Work item => When writing out the entries below, keep only the lines from the line with "Bartın'da elektrik bakım" to the line with "Pyjama blanc en", both included, exactly as they are, and leave the pictures aside.

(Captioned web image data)
######

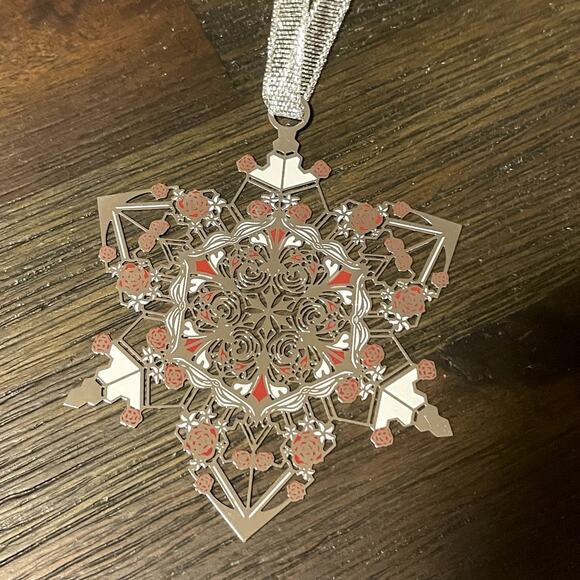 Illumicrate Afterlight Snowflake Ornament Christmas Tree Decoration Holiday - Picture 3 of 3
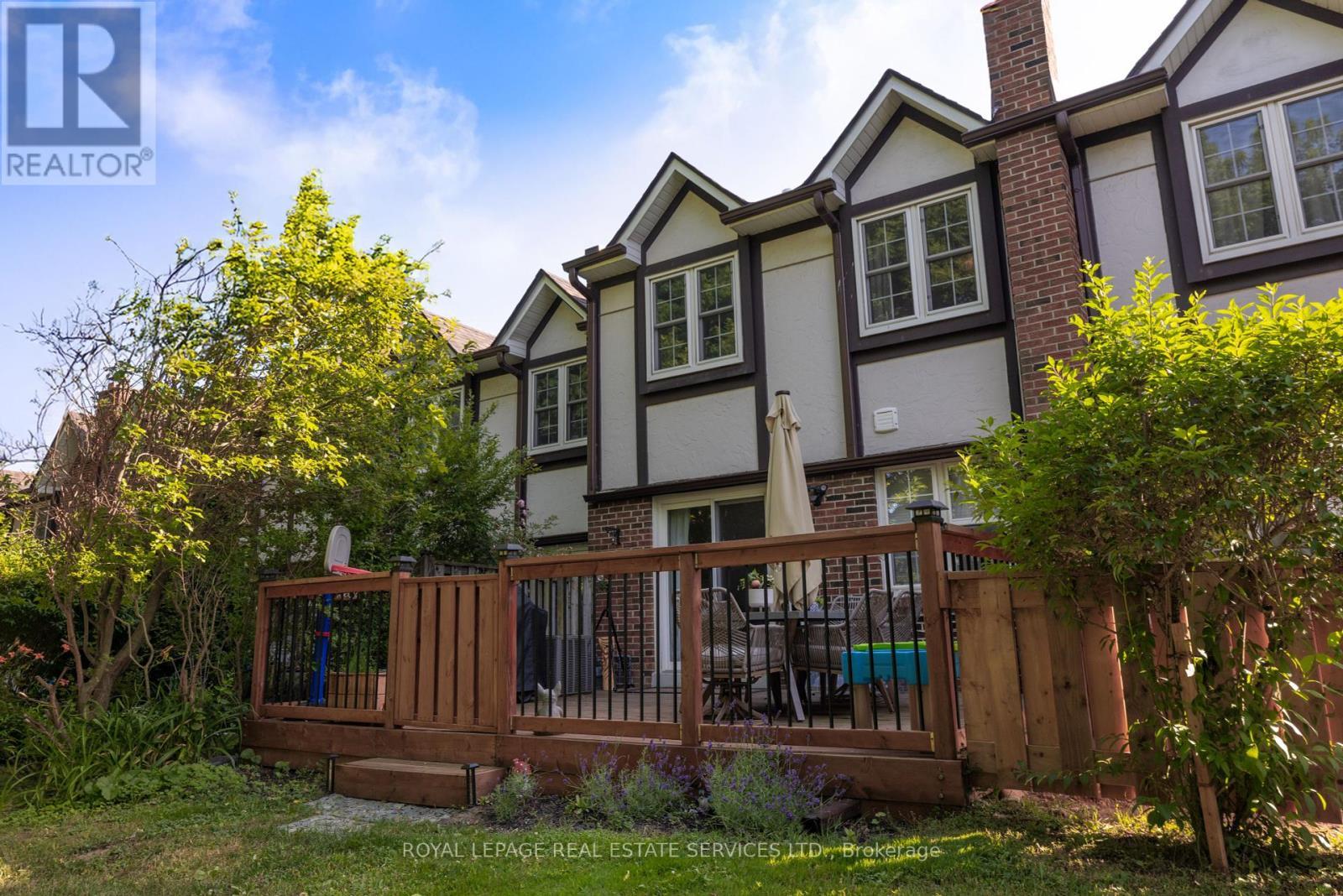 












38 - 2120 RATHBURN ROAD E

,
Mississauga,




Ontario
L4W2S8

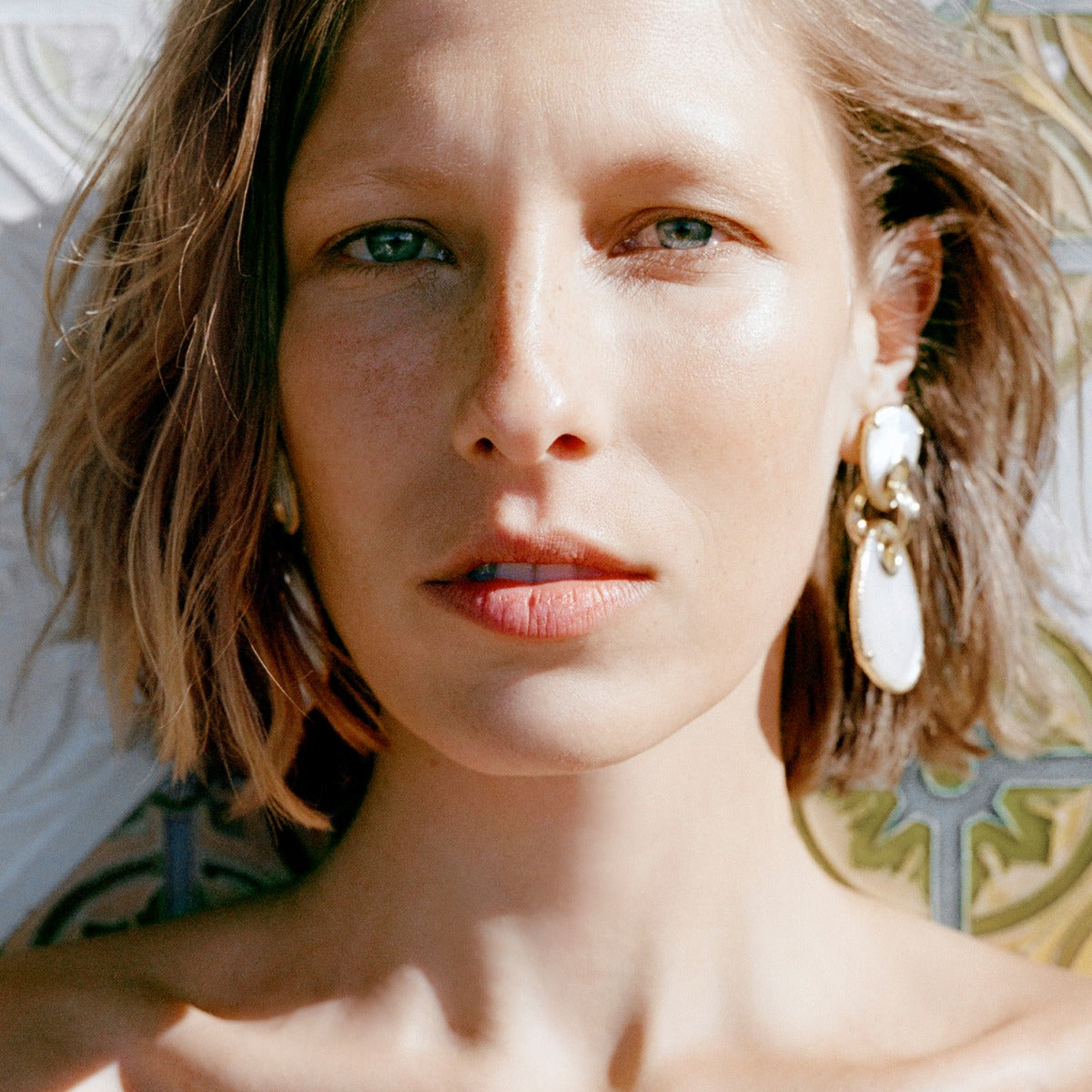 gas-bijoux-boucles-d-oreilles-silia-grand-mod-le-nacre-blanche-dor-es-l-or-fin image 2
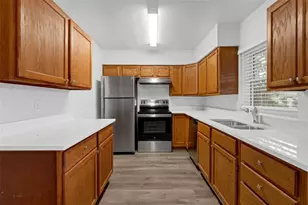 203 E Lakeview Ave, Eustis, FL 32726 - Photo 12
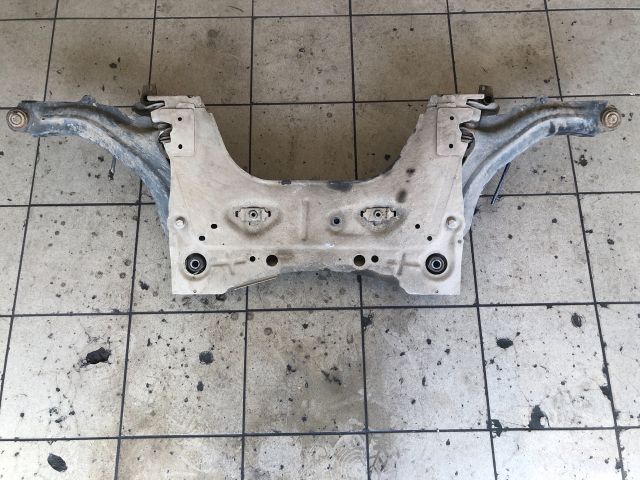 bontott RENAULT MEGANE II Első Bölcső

######

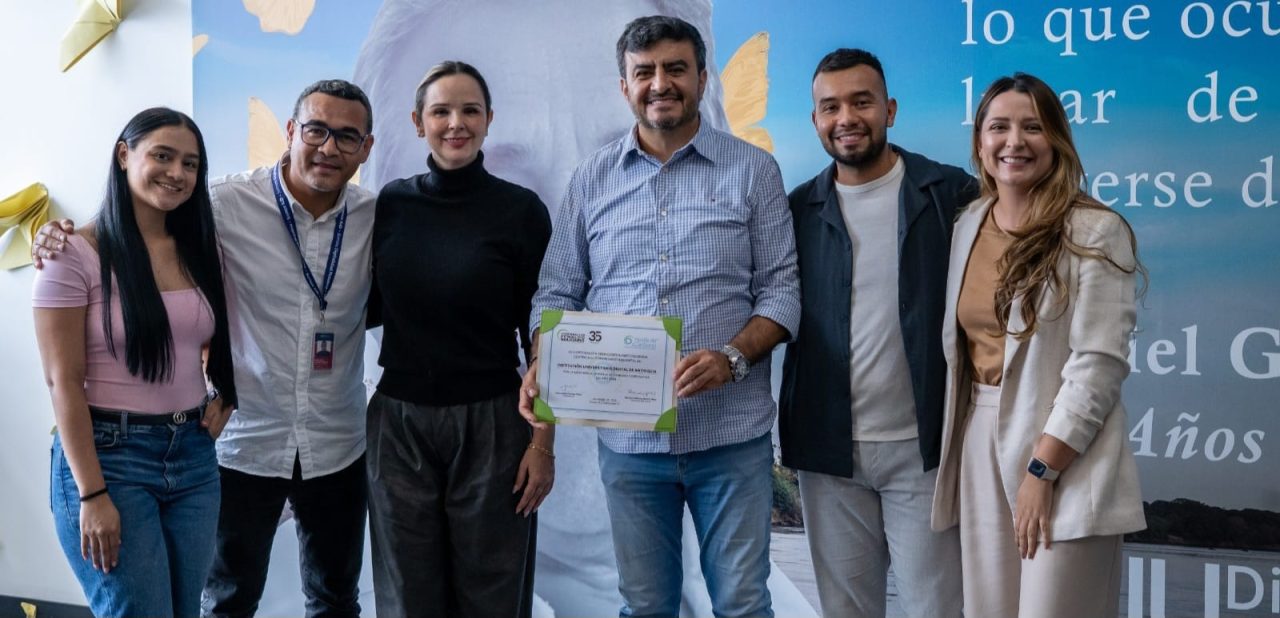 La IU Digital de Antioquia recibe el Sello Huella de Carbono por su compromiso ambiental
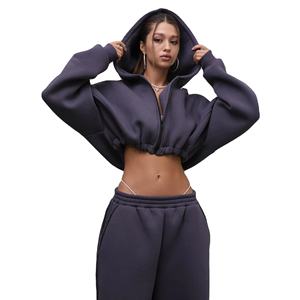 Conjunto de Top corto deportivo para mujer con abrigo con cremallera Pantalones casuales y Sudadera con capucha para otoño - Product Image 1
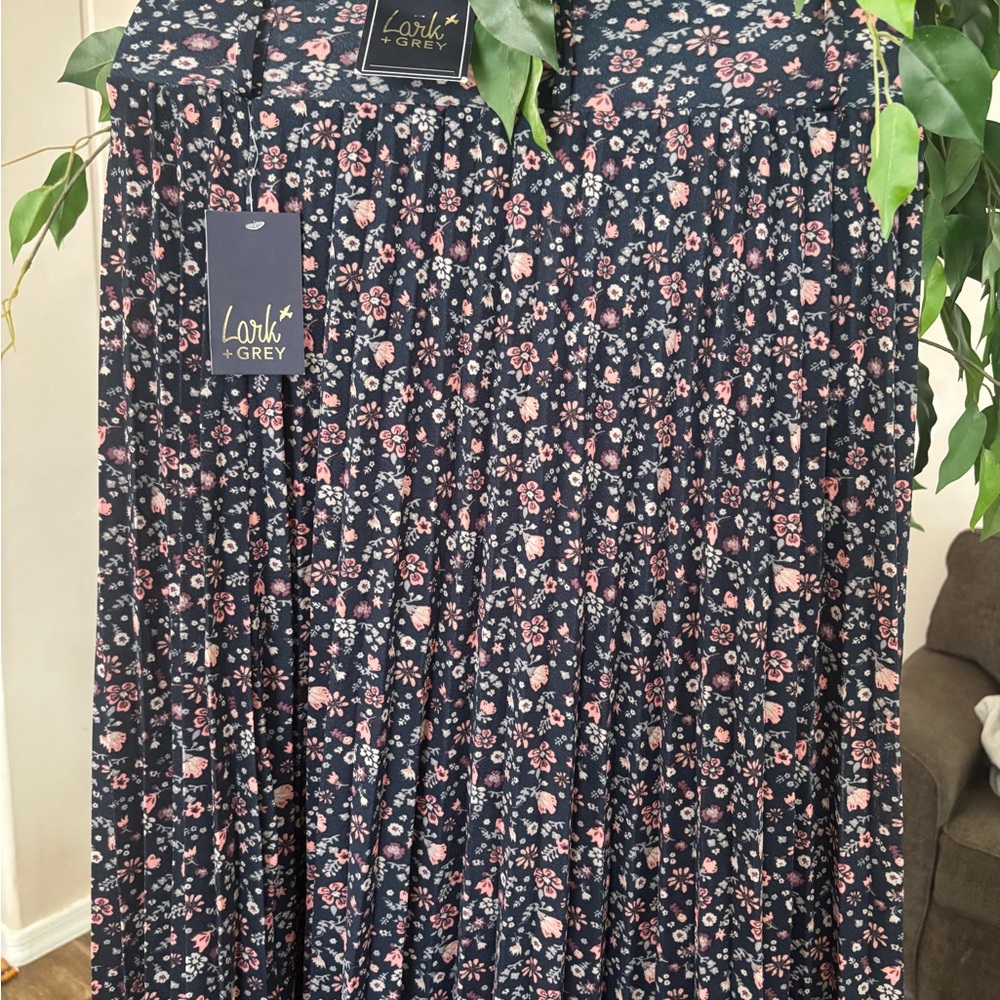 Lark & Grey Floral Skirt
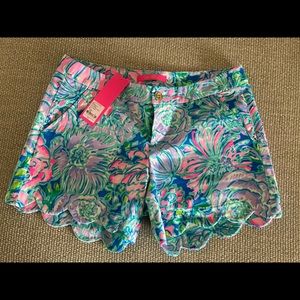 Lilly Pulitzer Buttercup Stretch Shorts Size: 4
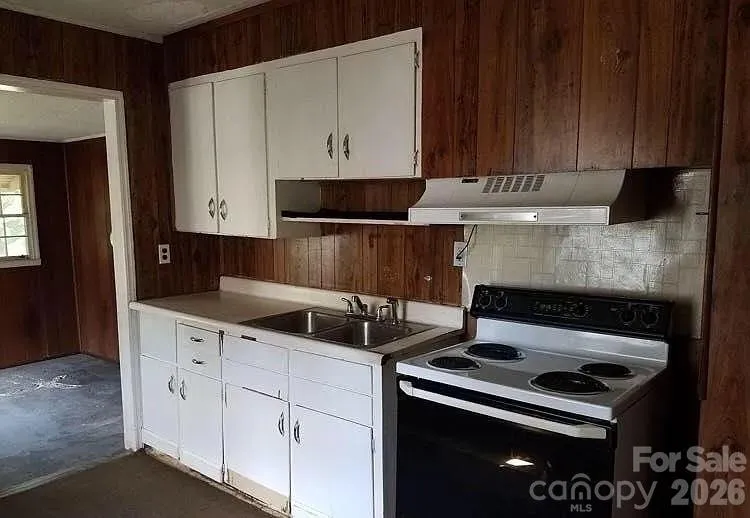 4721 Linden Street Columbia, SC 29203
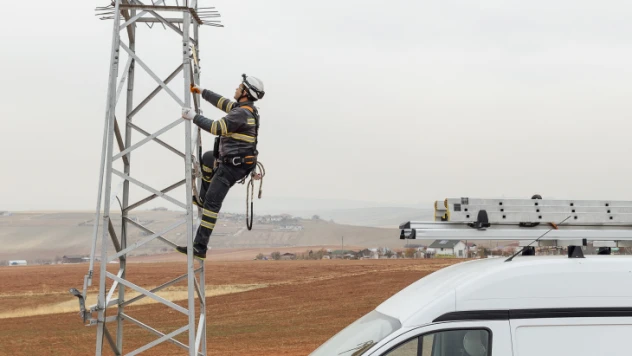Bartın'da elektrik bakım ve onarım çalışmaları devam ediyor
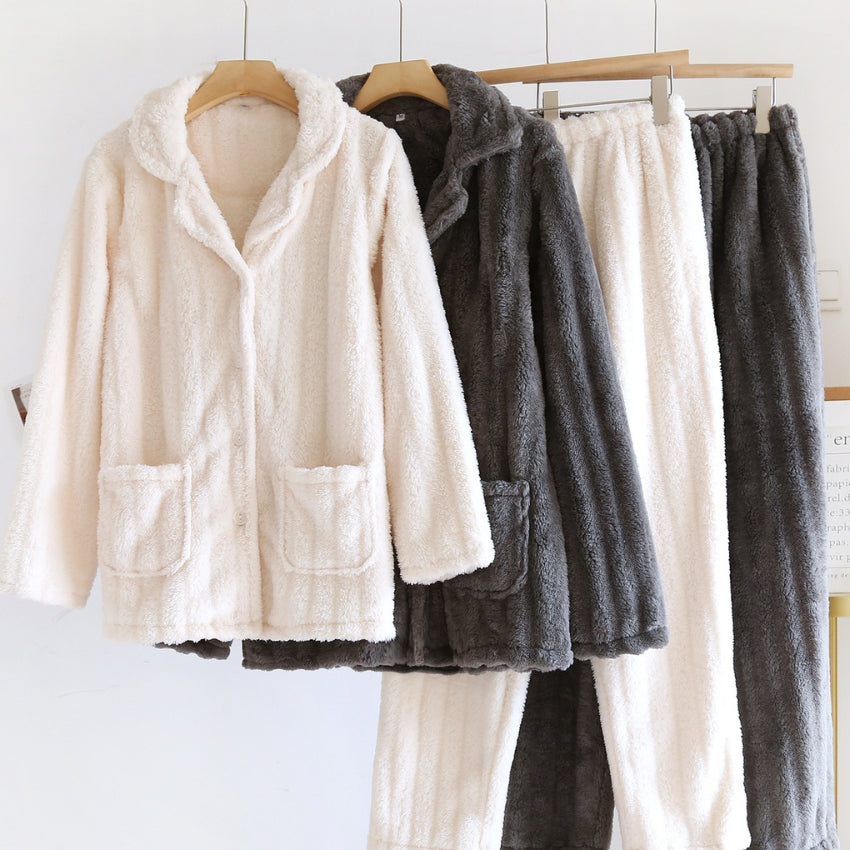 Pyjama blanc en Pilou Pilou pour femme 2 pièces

######

Answer space =>
Bartın'da elektrik bakım ve onarım çalışmaları devam ediyor
 Pyjama blanc en Pilou Pilou pour femme 2 pièces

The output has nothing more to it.